Aus dem Dokument KR20130129031 ist eine Lösung des teleskopischen Tores mit drei miteinander verbundenen Flügeln bekannt, deren Bewegung mit einem Stahlseil über ein System von Rollen und Wagen gesichert ist. Zum Nachteil dieser Lösung gehört die Unmöglichkeit der vertikalen und horizontalen Einstellung der verbundenen Flügel.
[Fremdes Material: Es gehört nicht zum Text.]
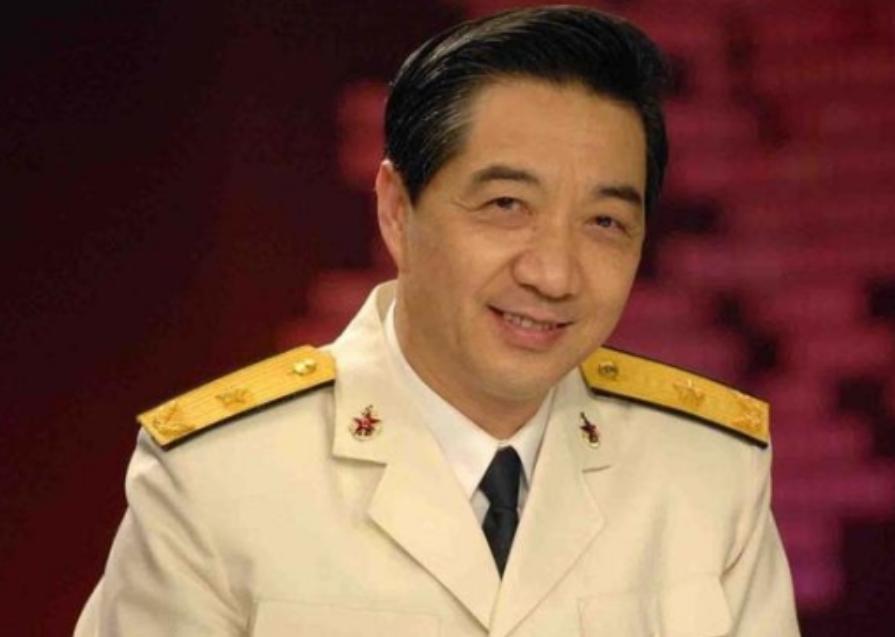 张召忠直言，美国一动不动，中国20年也追不上。

就是不知道这位军事专家在看完最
Es ist Aufgabe der Erfindung, die bestehenden Nachteile der bekannten Konstruktionen von ein- oder zweiflügligen Toren zu beseitigen. Die gestellte Aufgabe wird durch die Merkmale des Anspruchs 1 gelöst.
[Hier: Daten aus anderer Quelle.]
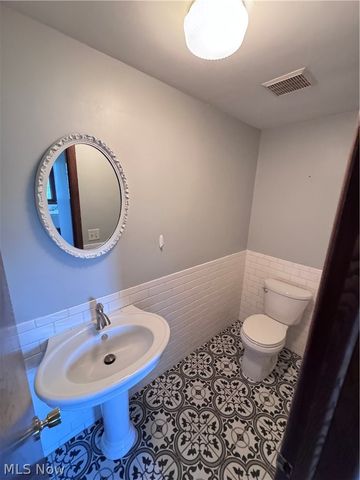 8615 Eberhart Road NE, Dover, OH 44622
Der Gegenstand der Erfindung beruht darauf, dass an dem inneren Tragschiebeflügel zwei Konsolen in Form des Buchstabens „Z“ mit Verbindungselementen angeschlossen sind, wobei die Verbindungselemente in das Anschlusselement über vertikale Rillen im mittleren vertikalen Teil der Konsole geführt werden. Diese vertikalen Rillen ermöglichen eine vertikale Höheneinrichtung beider Flügel. Das Anschlusselement ist mit dem inneren Tragschiebeflügel fest verbunden. Auf dem unteren kürzeren Teil jeder Konsole ist ein Arm des ersten äußeren Wagens sowie ein Arm des zweiten äußeren Wagens mit Verbindungselementen befestigt. Aus Sicht der weiteren präziseren horizontalen Einrichtung beider Flügel gegenseitig sind auf der oberen kürzeren Seite der Konsole einige Öffnungen, durch welche die Stellschrauben geführt werden. Für die horizontale Einrichtung beider Flügel sind im unteren kürzeren Teil jeder Konsole drei horizontale Rillen vorhanden, durch die auch die Verbindungselemente geführt werden, deren Primärfunktion es ist, den Anschluss des äußeren flügeligen Flügels über die Konsole zum inneren Tragschiebeflügel sicherzustellen.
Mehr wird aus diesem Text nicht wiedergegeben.